Washington impose avril un blocus des ports iraniens, censé empêcher Téhéran d’exporter son pétrole, alors que ces exportations n’avaient pas été affectées depuis le début de la guerre le 28 février.
L’armée américaine a annoncé ce mardi 2 juin avoir mis hors service un pétrolier en tirant sur sa salle des machines pour l’empêcher d’atteindre l’île iranienne de Kharg en violation du blocus décidé par Washington contre les ports iraniens.
L’équipage du Lexie, un navire battant pavillon du Botswana qui naviguait à vide, a “ignoré” les “multiples” mises en garde des forces américaines avant que celles-ci ne tirent un missile pour l’empêcher d’avancer, affirme dans un communiqué sur X le Commandement militaire américain pour le Moyen-Orient (Centcom).
L’armée américaine ne précise pas si le tir de missile Hellfire depuis un appareil américain a provoqué ou non des blessés à bord.

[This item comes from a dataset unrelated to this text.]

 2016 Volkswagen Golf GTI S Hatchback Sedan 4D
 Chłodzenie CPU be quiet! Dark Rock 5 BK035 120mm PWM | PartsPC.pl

Après un épisode similaire vendredi, c’est le sixième navire qui est endommagé par les forces armées américaines dans le cadre de son blocus.
Selon le Centcom, 122 navires au total ont été redirigés par les forces américaines pour faire respecter son blocus, mis en place par Washington mi-avril pour répondre au blocage iranien du détroit d’Ormuz.
Avertissement de Téhéran
Ce mercredi, la diplomatie iranienne a condamné “les attaques américaines” contre l pétrolier iranien et sur l’île iranienne de Qeshm, dans le détroit d’Ormuz. Téhéran a aussi pointé “la responsabilité” du Koweït et de Bahreïn dans ces attaques, les deux pays du Golfe ayant déclaré avoir été visés par des tirs iraniens.
Le conseiller militaire du guide suprême iranien, Mohsen Rezaï, un ancien chef des Gardiens de la Révolution, a mis en garde contre “un déluge de missiles et drones” en cas de nouvelle agression américaine.
“À chaque tir et à chaque agression répondra un déluge de missiles et de drones”, a-t-il écrit sur le réseau social X, après des attaques américaines contre un pétrolier iranien et l’île de Qeshm, qui ont fait l’objet de frappes de représailles sur le Koweït et Bahreïn.
Les États-Unis et l’Iran se sont attaqués mutuellement dans la nuit de mardi à mercredi, chacun accusant l’autre de violer un cessez-le-feu toujours plus fragile même si le contact entre les deux parties n’est pas rompu selon Donald Trump.